### TASK INSTRUCTIONS
Reproduce exactly the lines from the one that holds "Boss Boss P-Hank-Kent-C1-222" through the last line of the entries, both ends included, but not the pictures.

== GIVEN RECORDS ==

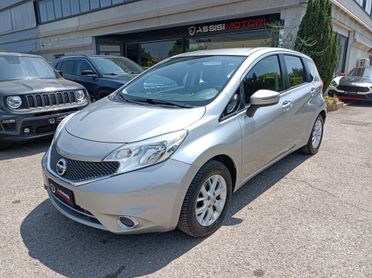 Nissan Note 1.5 dCi Acenta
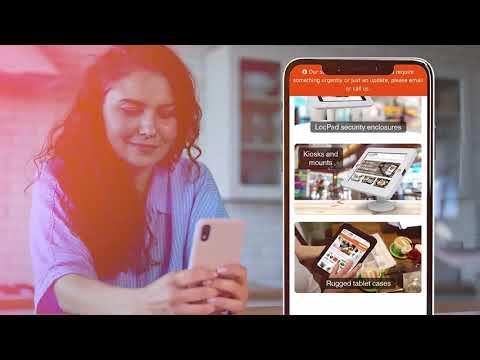 armourdog - Protection for tablet computers 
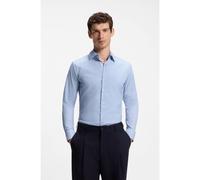 Boss Boss P-Hank-Kent-C1-222 10241343 02 Oxford Shirt Mens 37 Blue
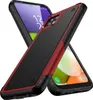 Für Samsung Galaxy A22 5G Hülle Militärqualität Stoßfest Produktbild-Vorschau 1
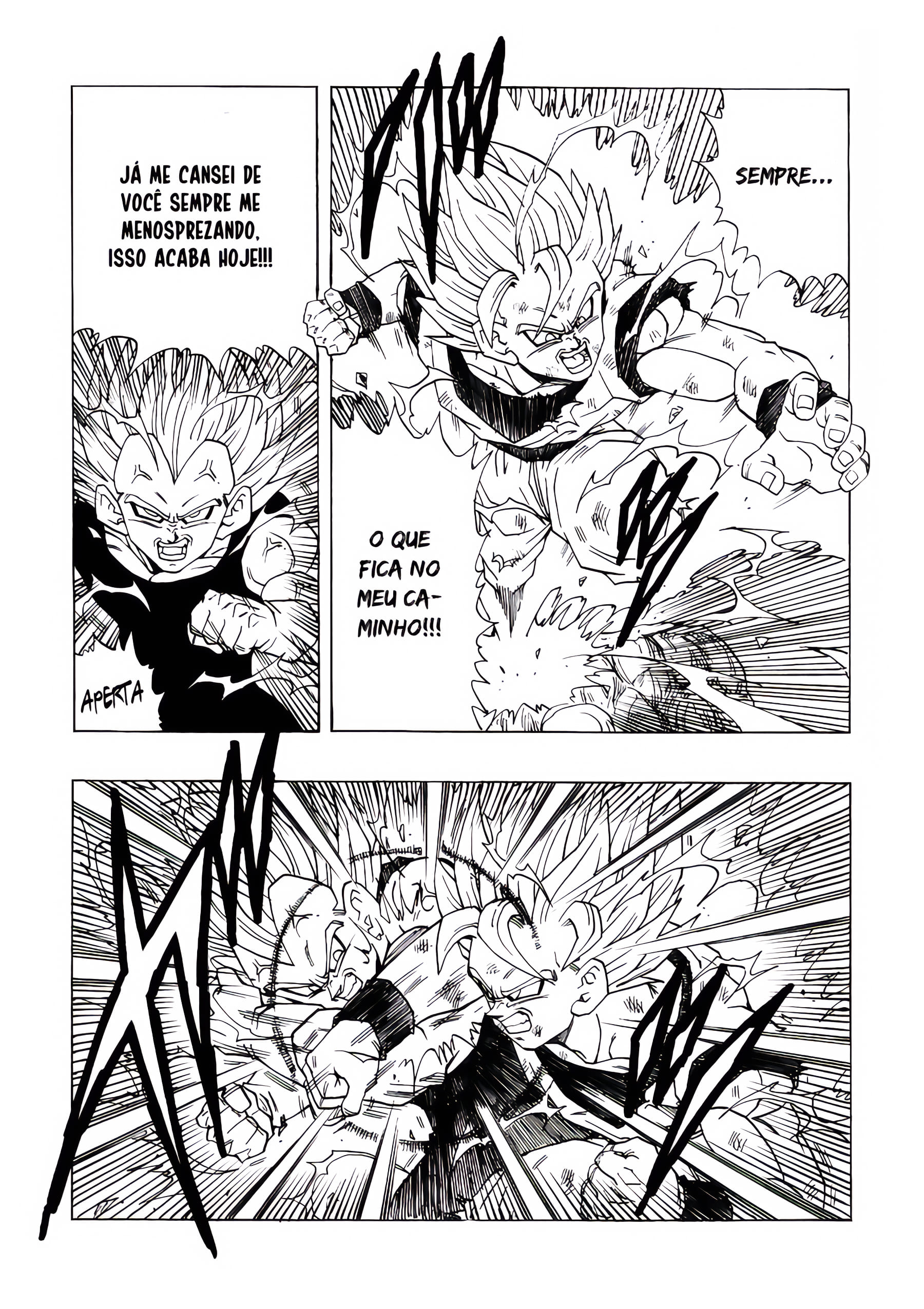 Read Dragon Ball AFTER PT Manga Online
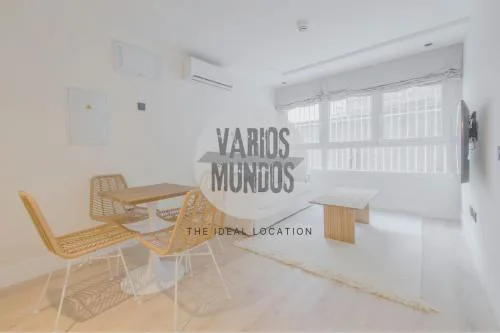 Malasaña luminosa para 4, descubre San Bernardo 20 E3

===

### TASK ANSWER
 Boss Boss P-Hank-Kent-C1-222 10241343 02 Oxford Shirt Mens 37 Blue
 Für Samsung Galaxy A22 5G Hülle Militärqualität Stoßfest Produktbild-Vorschau 1
 Read Dragon Ball AFTER PT Manga Online
 Malasaña luminosa para 4, descubre San Bernardo 20 E3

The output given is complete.